Top of Information given

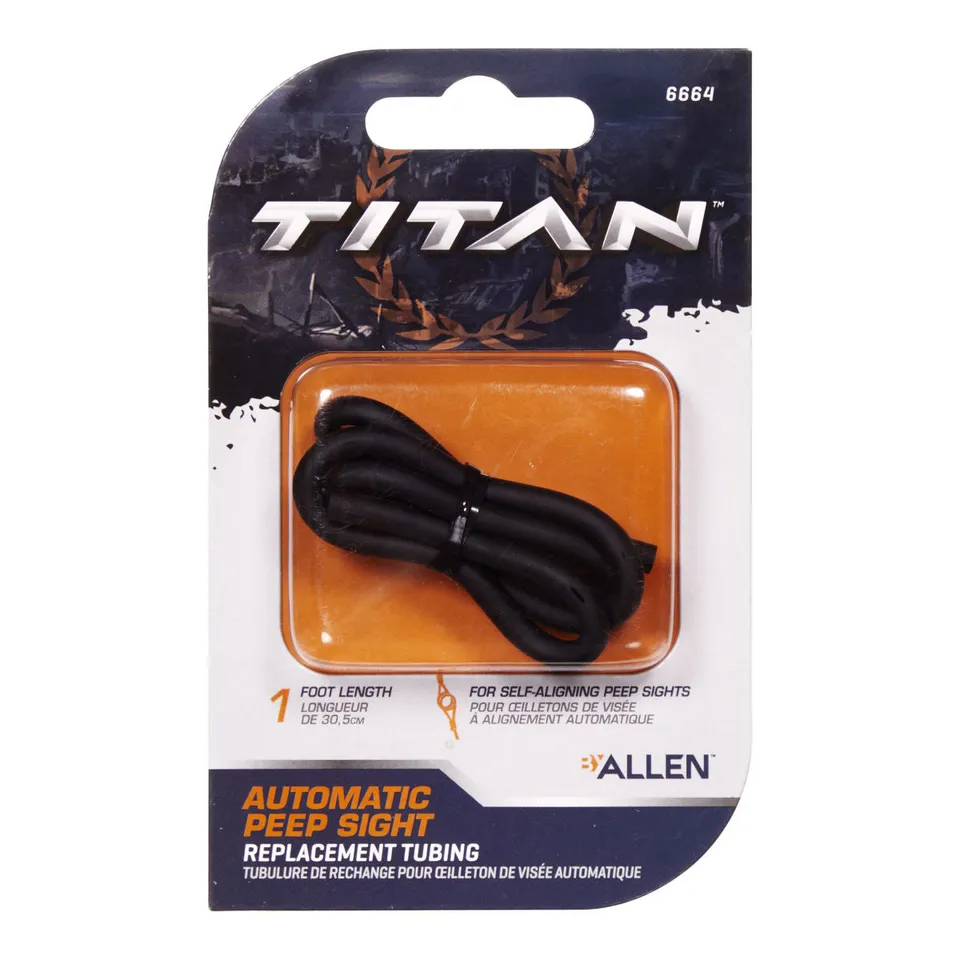 Allen Automatic Peep Ersatzschlauch 30 cm schwarz Latex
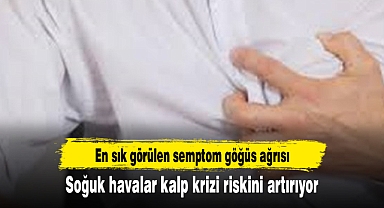 Soğuk havalar kalp krizi riskini artırıyor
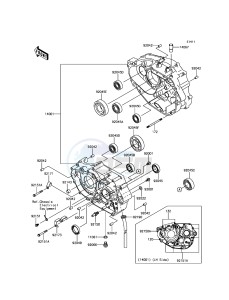 KLX250 KLX250SHF XX (EU ME A(FRICA) drawing Crankcase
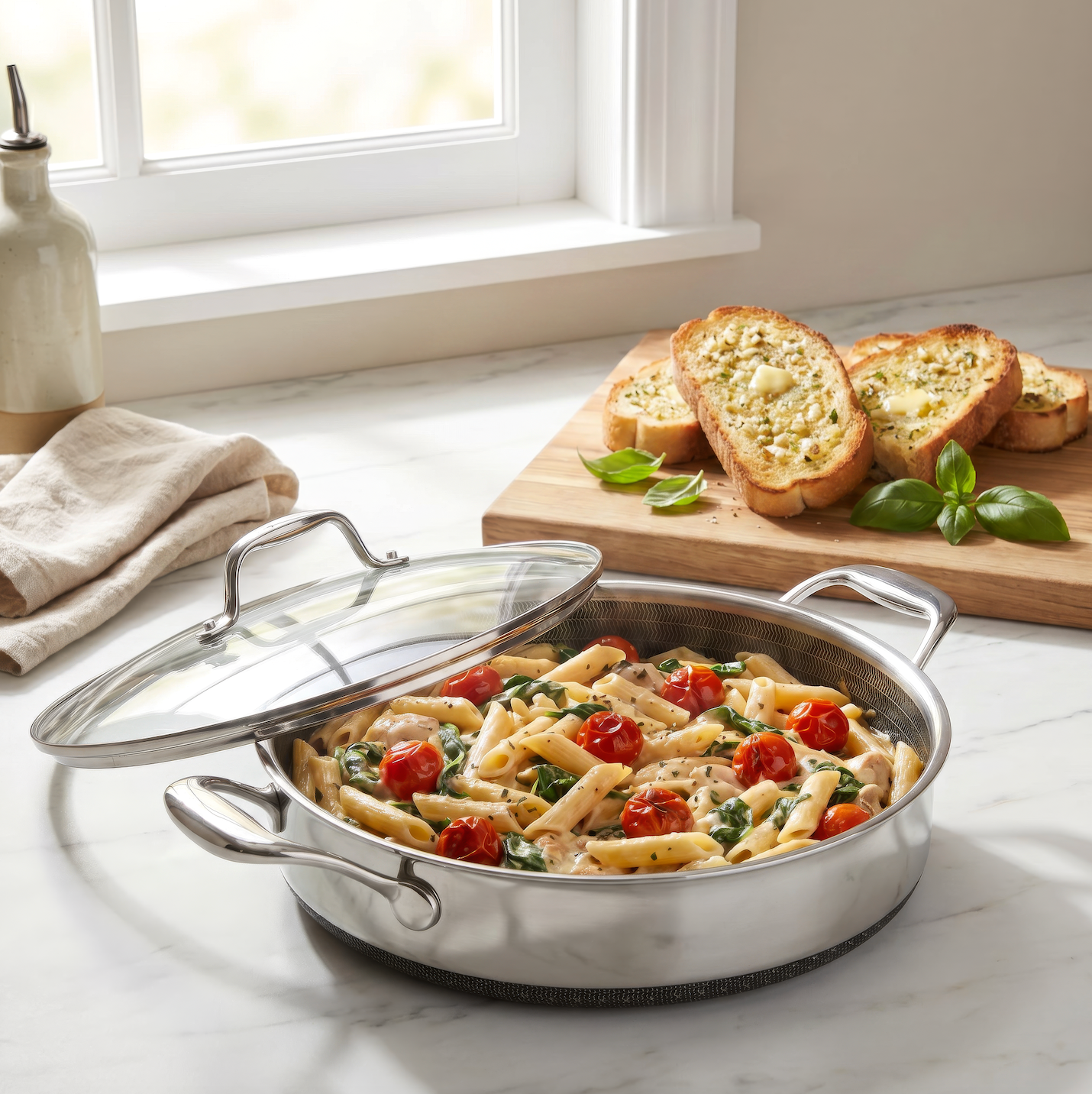 DiamondClad™ 5 Quart Hybrid Nonstick Sauté Pan with Lid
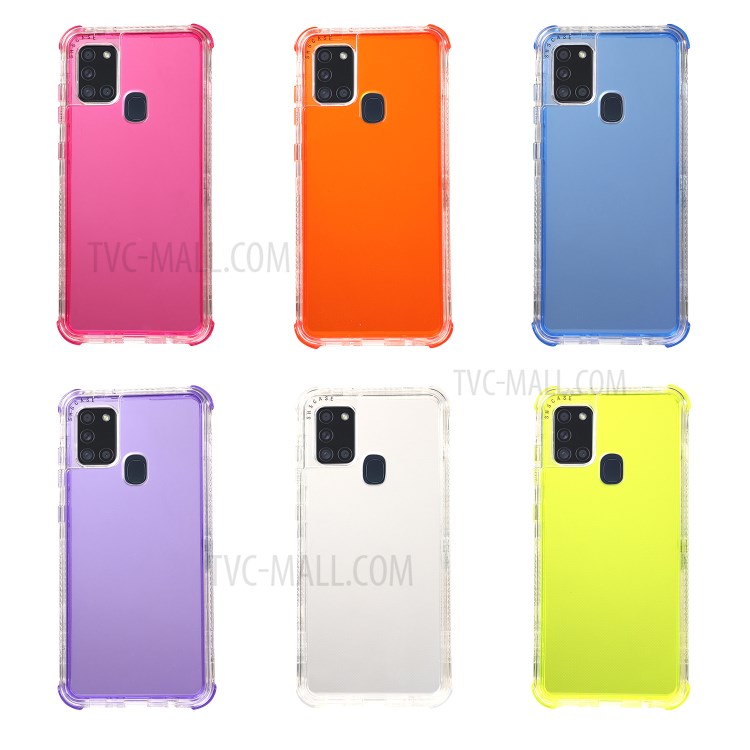 Hard PC+TPU Protective Phone Case for Samsung Galaxy A21s - Rose-7
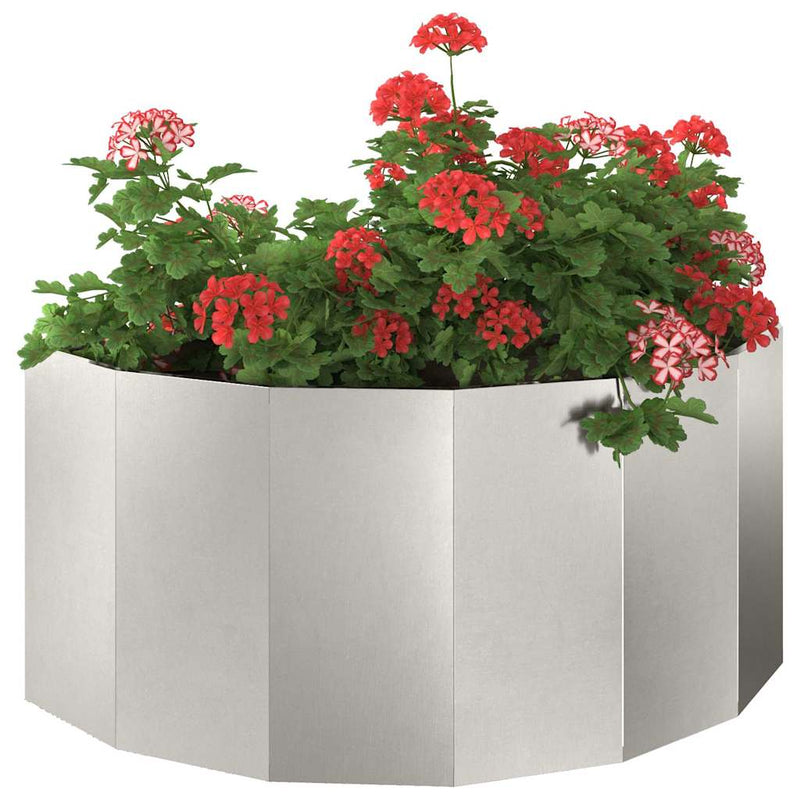 Afbeelding laden in galerijviewer, Vidaxl plantenbak zilver 120 x 60 x 50 cm roestvrij staal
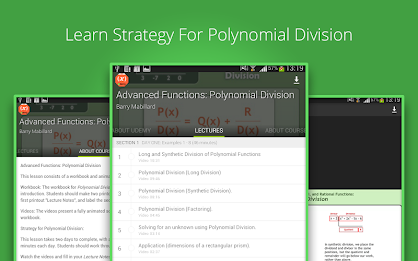 Polynomial Division lessons poster 7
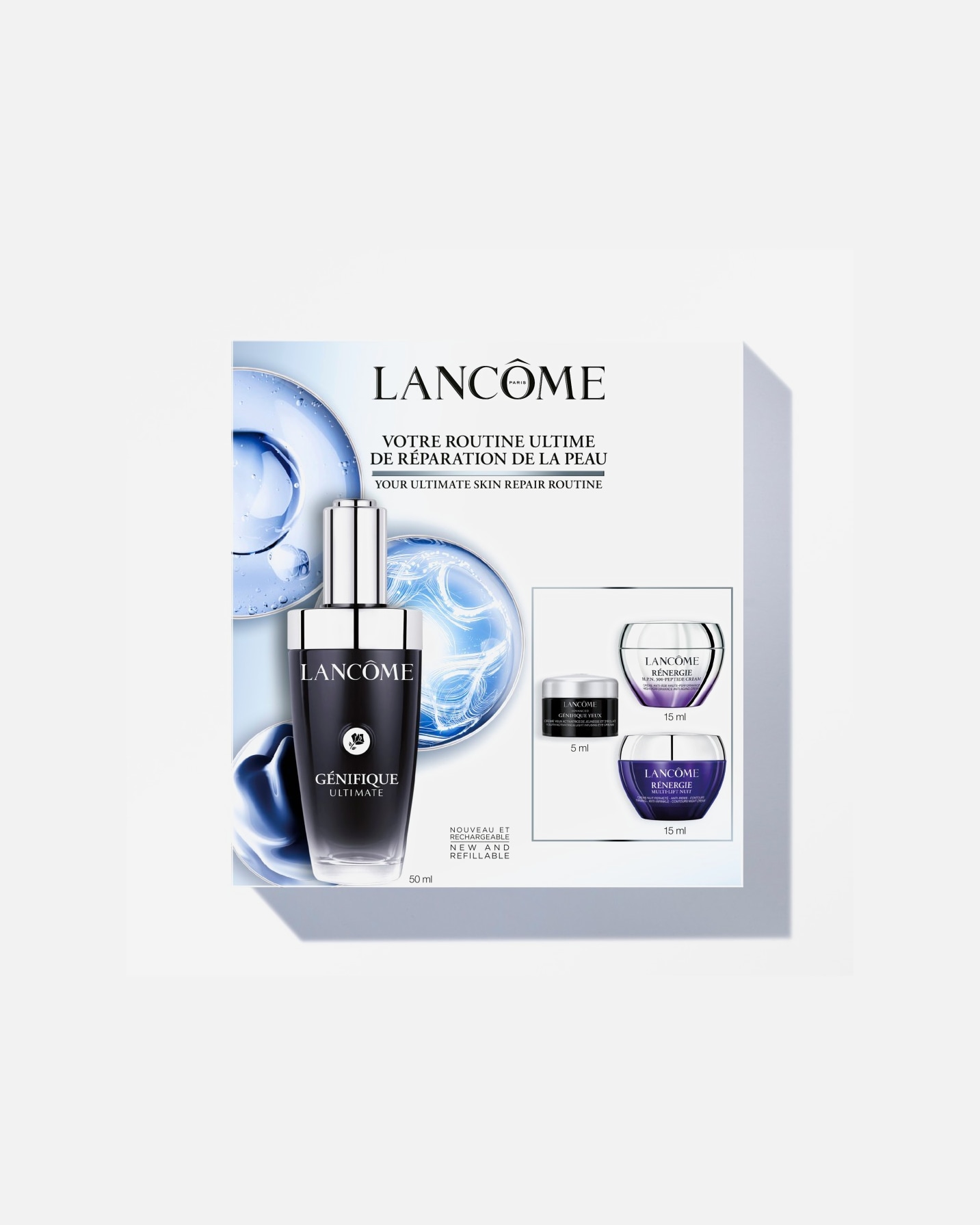 Gesichtspflegeset für Weiblich Lancôme Génifique 50ml Serum Routine Set 1 Stück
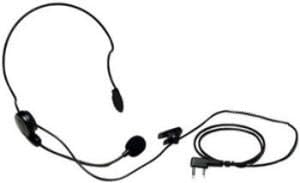 Razor Headset - No PTT for VOX Hands-Free Communication - Kenwood 2-Pin Connector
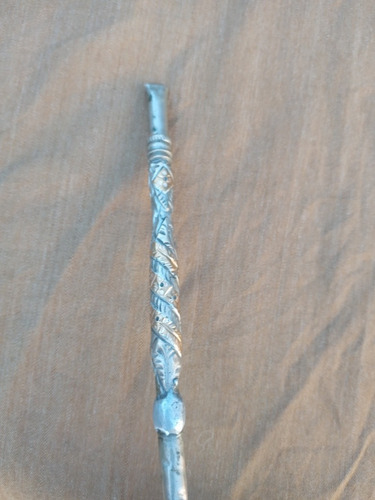 Imagen 7 de 7 de Bombilla De Plata Antigua Reparada .deco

Bottom of Information given

**Work to complete**
Write out the lines from the line with "Gesichtspflegeset für Weiblich" through the end of the records exactly; do not include pictures or any other lines.

**Solution to this exercise**
 Gesichtspflegeset für Weiblich Lancôme Génifique 50ml Serum Routine Set 1 Stück
 Razor Headset - No PTT for VOX Hands-Free Communication - Kenwood 2-Pin Connector
 Imagen 7 de 7 de Bombilla De Plata Antigua Reparada .deco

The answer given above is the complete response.